[[ Exercise data, beginning ]]
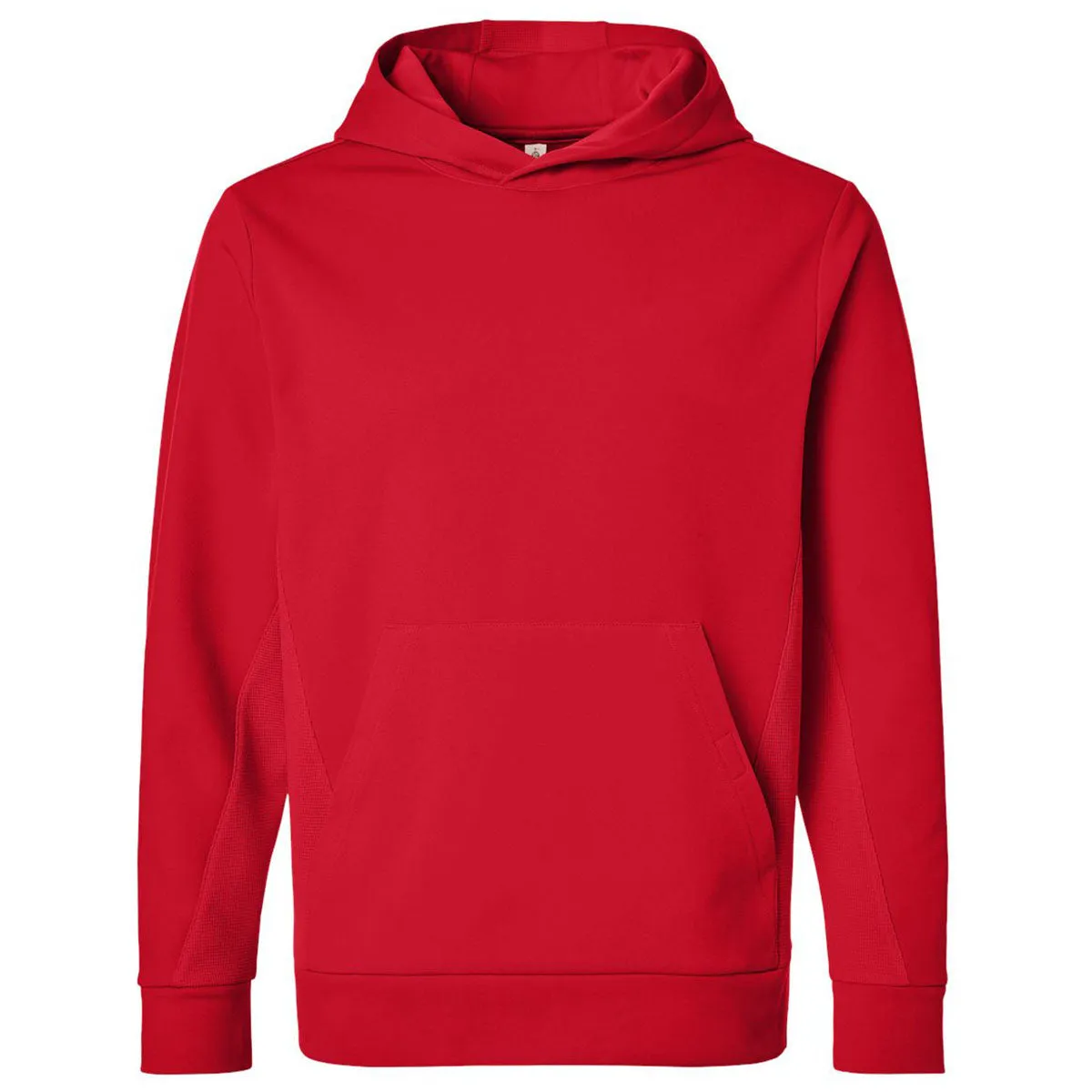 Team 365 Unisex Sport Red Squad Hooded Tech Fleece Pullover sold by Merchology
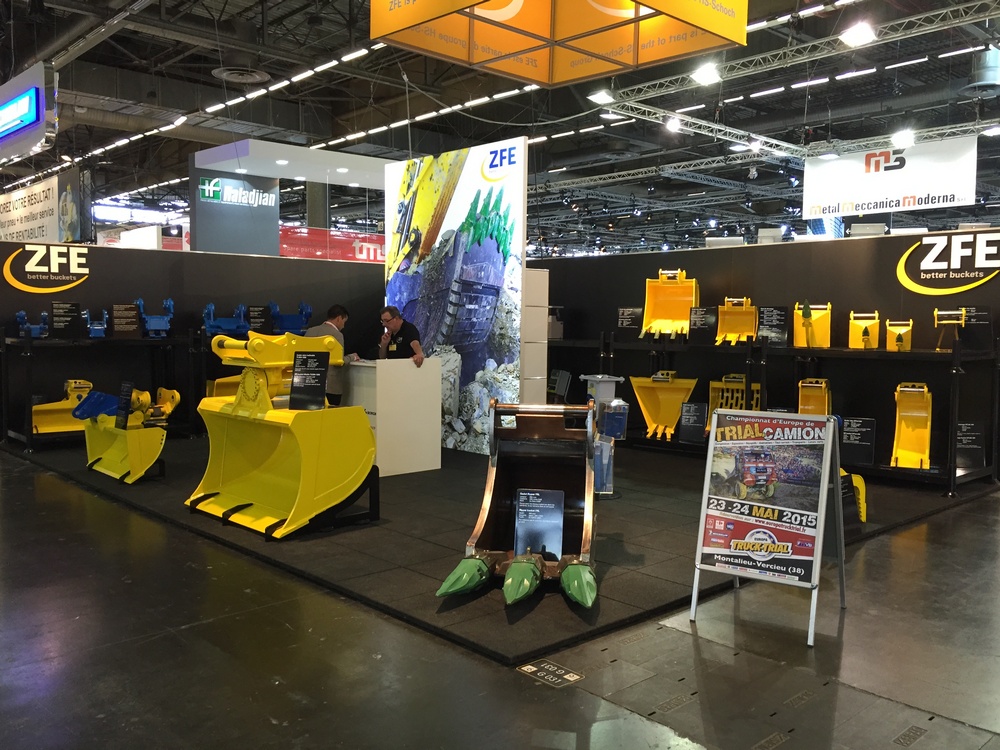 ZFE will be at INTERMAT in Paris until the 25th of April. As one of the world's largest trade shows in the construction industry, the Intermat is held every three years in April near the Paris-Charles de Gaulle airport. It is held at the Parc des Expositions in Villepinte, located northeast of Paris ("North-Paris") instead.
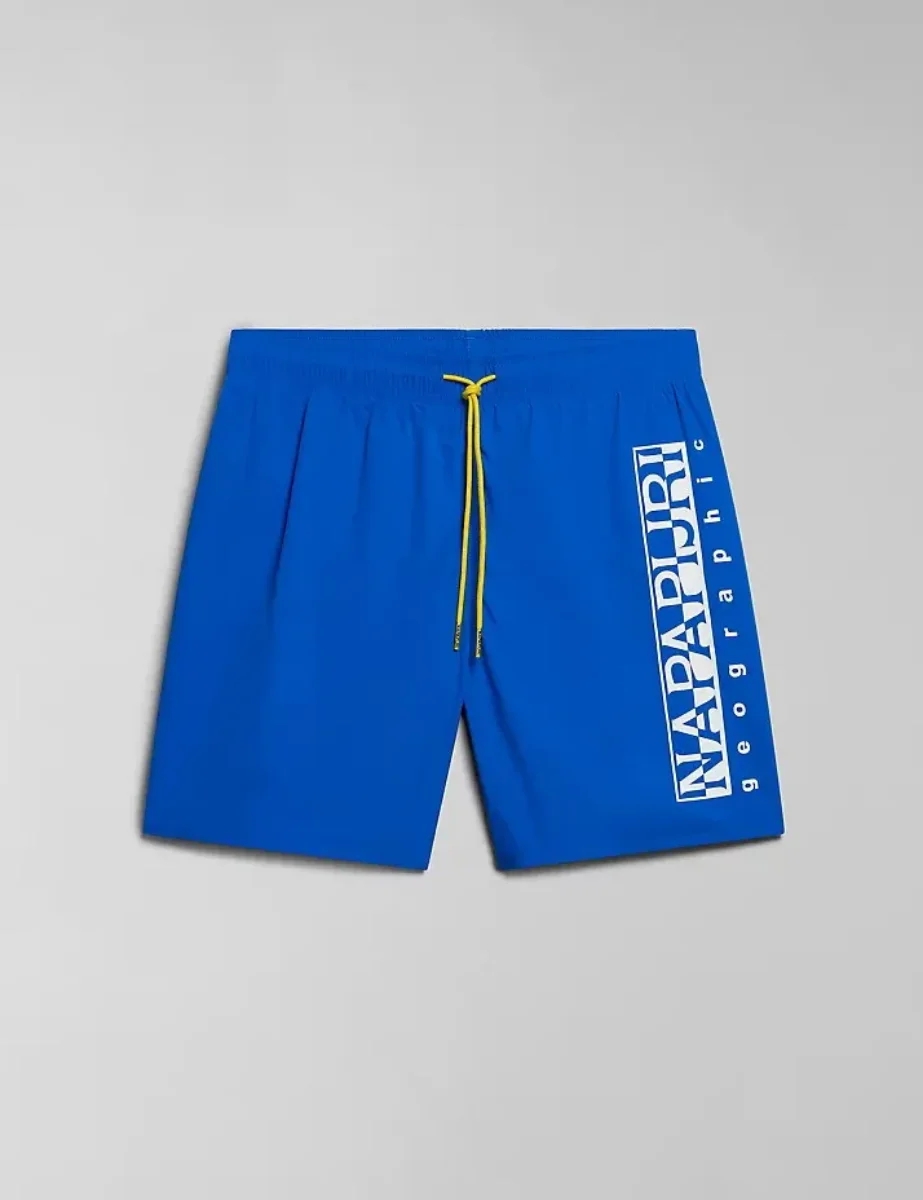 Napapijri Box Logo Swim Short | Blue Lapis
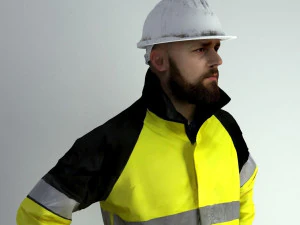 Man Worker Safety 3D Model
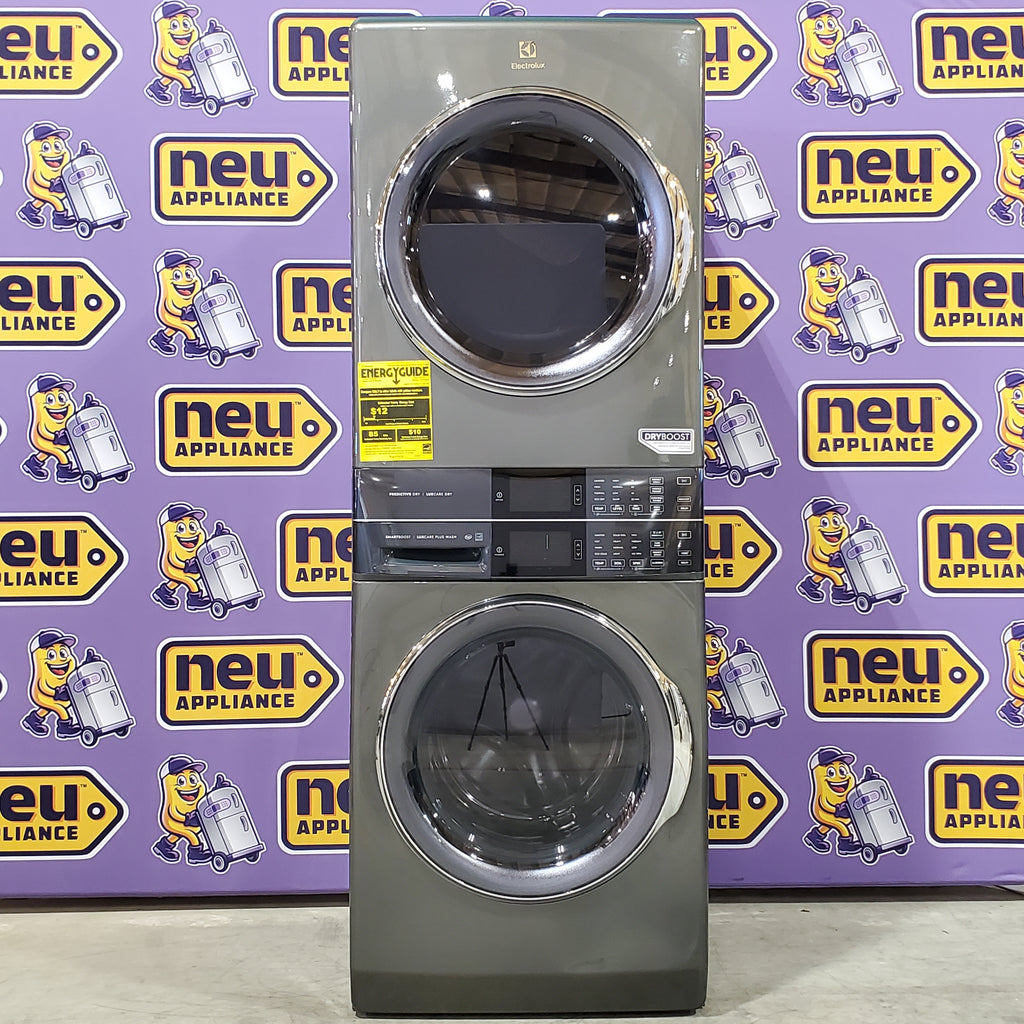 Pictures of Electrolux Titanium 600 Series Laundry Tower Single Unit 4.5 cu ft Washer & 8 cu ft Electric Dryer ELTE7600AT - Scratch & Dent (Minor) - Neu Appliance Outlet - Discount Appliance Outlet in Austin, Tx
[[ Exercise data, end ]]
▶ [What the task requires] Repeat the material exactly as it reads, without any of its pictures.

▶ [Response area]
 Team 365 Unisex Sport Red Squad Hooded Tech Fleece Pullover sold by Merchology
 ZFE will be at INTERMAT in Paris until the 25th of April. As one of the world's largest trade shows in the construction industry, the Intermat is held every three years in April near the Paris-Charles de Gaulle airport. It is held at the Parc des Expositions in Villepinte, located northeast of Paris ("North-Paris") instead.
 Napapijri Box Logo Swim Short | Blue Lapis
 Man Worker Safety 3D Model
 Pictures of Electrolux Titanium 600 Series Laundry Tower Single Unit 4.5 cu ft Washer & 8 cu ft Electric Dryer ELTE7600AT - Scratch & Dent (Minor) - Neu Appliance Outlet - Discount Appliance Outlet in Austin, Tx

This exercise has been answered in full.